Venezuela: Military Relations with the Media in Times of Peace and War
Center for Hemispheric Defense Studies REDES 2001 Research and Education in Defense and Security Studies May 22-25, 2001, Washington D.C. Panel on Media-Military Relations
By Everett Bauman E., U.S. Correspondent for El Universal Caracas, Venezuela Abstract
The development of military/media relations in Venezuela has closely paralleled the political history of the country. The Liberator, Simon Bolivar, was very aware of the need for close relations and personally penned statements for the infant press of the republic. However, the subsequent political chaos and military conflict during much of the l9th century severely limited the role of the media. It was not until the death of the last great caudillo, Juan Vicente Gomez in 1936, that the media acquired a moderate voice. In the brief democracy that came with the 1945 revolution, civilian politicians—notably Romulo Betancourt—initiated a new policy of close media collaboration, but this was cut short with the military counter-revolution of 1948, lasting until 1958, when a joint civic-military movement unseated the last dictator, Perez Jiménez, and opened up a new period of military/press relations. Major popular newspapers, however, were under strong communist influence and distrusted by the military for the nearly 35 years of functioning representative democracy, although younger officers themselves acquired liberal ideas as a result of the major emphasis given to education by the military authorities. Their group conducted several unsuccessful coups against a constitutional government which they and many Venezuelans regarded as increasingly corrupt, and unrepresentative. Their leader, Commandant Hugo Chavez, was jailed for several years but ran for the presidency in the election of l998 and won fairly.

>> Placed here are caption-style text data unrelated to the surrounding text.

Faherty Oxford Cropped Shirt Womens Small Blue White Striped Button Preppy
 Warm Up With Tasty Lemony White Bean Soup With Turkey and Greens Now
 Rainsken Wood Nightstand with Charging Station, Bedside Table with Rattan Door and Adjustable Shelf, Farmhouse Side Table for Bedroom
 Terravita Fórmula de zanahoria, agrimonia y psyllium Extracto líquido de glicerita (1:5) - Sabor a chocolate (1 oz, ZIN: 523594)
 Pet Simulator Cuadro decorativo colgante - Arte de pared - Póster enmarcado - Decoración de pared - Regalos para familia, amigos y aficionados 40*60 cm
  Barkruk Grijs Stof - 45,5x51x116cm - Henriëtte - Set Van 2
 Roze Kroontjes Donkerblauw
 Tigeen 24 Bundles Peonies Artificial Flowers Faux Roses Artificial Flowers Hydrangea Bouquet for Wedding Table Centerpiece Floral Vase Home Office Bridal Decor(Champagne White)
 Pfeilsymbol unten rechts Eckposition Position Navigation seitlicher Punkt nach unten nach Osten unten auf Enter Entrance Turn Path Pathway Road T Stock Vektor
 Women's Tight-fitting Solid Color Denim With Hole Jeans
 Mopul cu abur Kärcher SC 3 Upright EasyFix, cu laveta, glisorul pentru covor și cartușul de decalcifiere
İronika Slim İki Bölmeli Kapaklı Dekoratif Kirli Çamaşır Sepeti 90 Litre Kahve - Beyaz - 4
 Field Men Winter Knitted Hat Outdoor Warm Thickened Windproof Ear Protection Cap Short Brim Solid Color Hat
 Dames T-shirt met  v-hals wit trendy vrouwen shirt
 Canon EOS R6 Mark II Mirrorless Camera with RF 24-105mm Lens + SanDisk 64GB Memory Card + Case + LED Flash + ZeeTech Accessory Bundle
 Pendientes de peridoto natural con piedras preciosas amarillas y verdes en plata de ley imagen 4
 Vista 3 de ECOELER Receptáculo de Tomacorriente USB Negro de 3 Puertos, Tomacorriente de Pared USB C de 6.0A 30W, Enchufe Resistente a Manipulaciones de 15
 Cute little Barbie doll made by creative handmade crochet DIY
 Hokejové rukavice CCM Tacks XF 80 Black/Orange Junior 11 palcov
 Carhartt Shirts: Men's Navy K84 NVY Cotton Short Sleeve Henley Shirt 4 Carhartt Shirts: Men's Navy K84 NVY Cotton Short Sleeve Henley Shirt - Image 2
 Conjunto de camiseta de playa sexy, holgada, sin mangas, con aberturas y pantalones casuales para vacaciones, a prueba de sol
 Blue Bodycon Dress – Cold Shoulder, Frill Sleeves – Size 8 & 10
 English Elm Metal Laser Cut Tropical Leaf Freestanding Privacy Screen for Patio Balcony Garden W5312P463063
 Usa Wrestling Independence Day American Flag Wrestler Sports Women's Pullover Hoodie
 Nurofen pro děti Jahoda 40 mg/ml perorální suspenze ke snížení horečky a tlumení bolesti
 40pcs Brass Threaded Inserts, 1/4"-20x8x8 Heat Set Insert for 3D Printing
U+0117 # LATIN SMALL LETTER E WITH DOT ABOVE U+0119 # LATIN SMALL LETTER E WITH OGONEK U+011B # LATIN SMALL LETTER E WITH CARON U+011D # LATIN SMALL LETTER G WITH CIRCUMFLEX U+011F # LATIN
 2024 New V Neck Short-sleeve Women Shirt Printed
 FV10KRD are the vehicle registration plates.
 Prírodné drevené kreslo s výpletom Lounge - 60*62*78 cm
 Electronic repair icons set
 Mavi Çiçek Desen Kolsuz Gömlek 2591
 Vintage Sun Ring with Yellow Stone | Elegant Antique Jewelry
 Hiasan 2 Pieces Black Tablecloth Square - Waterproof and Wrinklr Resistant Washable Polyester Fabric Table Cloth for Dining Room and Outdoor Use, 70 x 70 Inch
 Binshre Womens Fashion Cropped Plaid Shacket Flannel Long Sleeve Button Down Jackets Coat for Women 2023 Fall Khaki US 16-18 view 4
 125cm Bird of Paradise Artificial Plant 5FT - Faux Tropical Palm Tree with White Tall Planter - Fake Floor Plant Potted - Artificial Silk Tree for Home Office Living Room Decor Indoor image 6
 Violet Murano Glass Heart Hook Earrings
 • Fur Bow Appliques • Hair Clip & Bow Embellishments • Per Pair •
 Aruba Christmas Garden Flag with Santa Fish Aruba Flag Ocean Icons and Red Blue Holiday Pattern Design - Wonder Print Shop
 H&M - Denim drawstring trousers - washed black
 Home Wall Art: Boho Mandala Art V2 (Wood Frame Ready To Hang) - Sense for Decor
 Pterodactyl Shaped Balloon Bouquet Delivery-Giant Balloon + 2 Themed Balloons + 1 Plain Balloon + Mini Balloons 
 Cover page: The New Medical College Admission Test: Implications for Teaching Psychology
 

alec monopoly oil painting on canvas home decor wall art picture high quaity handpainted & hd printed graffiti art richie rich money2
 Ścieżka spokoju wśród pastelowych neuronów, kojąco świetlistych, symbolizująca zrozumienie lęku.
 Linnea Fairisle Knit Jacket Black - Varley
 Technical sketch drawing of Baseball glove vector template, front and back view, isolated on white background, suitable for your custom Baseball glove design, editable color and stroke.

A new chapter is now being written as the new government of the charismatic ex-military president provokes and allows unprecedented press criticism but violently attacks and threatens it rhetorically with growing frequency. The president has unsuccessfully sought to mount his own media machine but has failed to obtained credibility, although he is personally highly popular with the lower income population. The Venezuelan Press Bloc has just brought a formal complaint before the Inter-American Press Association, which has been scorned by the president, who can claim with certain veracity that he has allowed media freedom. The emboldened media has undoubtedly acted to criticize and probably check government excesses. But will this uneasy situation persist?